- **TO DO**: Give again, word for word, the lines below that run from the line with "UN Human Rights" through the line with "Darth Vader från Star Wars". Drop the pictures.

- **INPUT**:
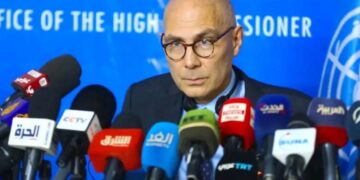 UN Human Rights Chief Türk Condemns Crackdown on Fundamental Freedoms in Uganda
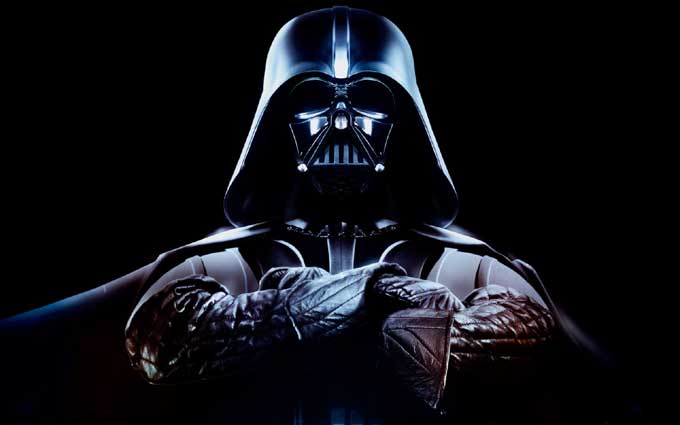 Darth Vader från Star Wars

...

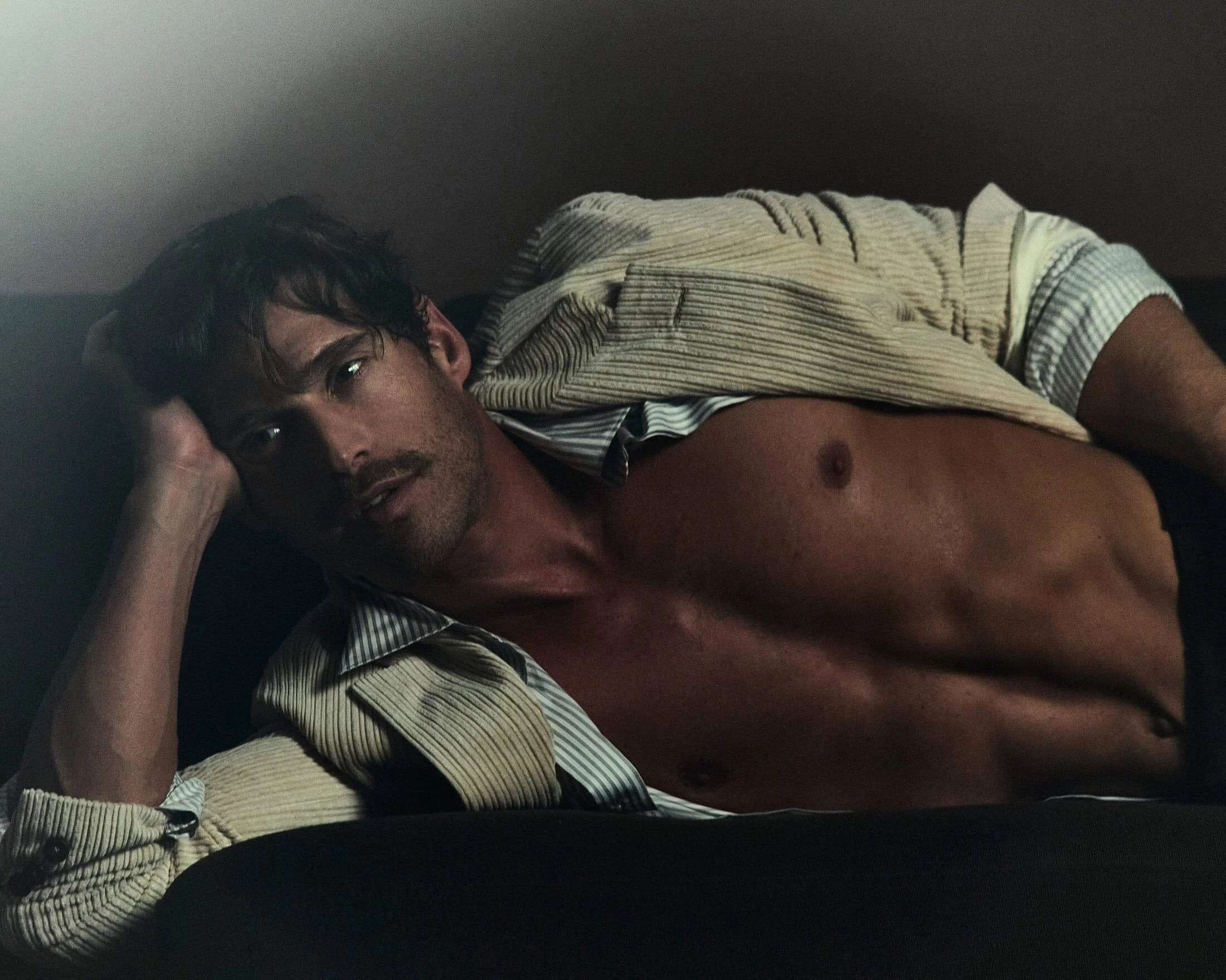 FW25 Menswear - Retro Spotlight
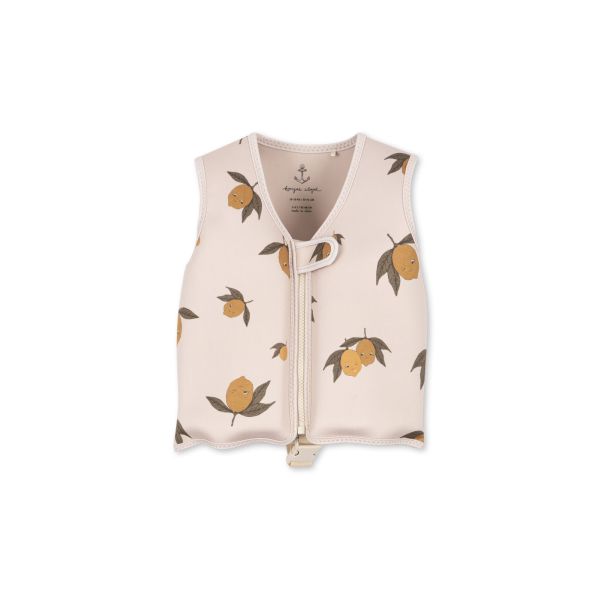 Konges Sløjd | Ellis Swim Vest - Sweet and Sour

- **RESULT OF THIS EXERCISE**:
 UN Human Rights Chief Türk Condemns Crackdown on Fundamental Freedoms in Uganda
 Darth Vader från Star Wars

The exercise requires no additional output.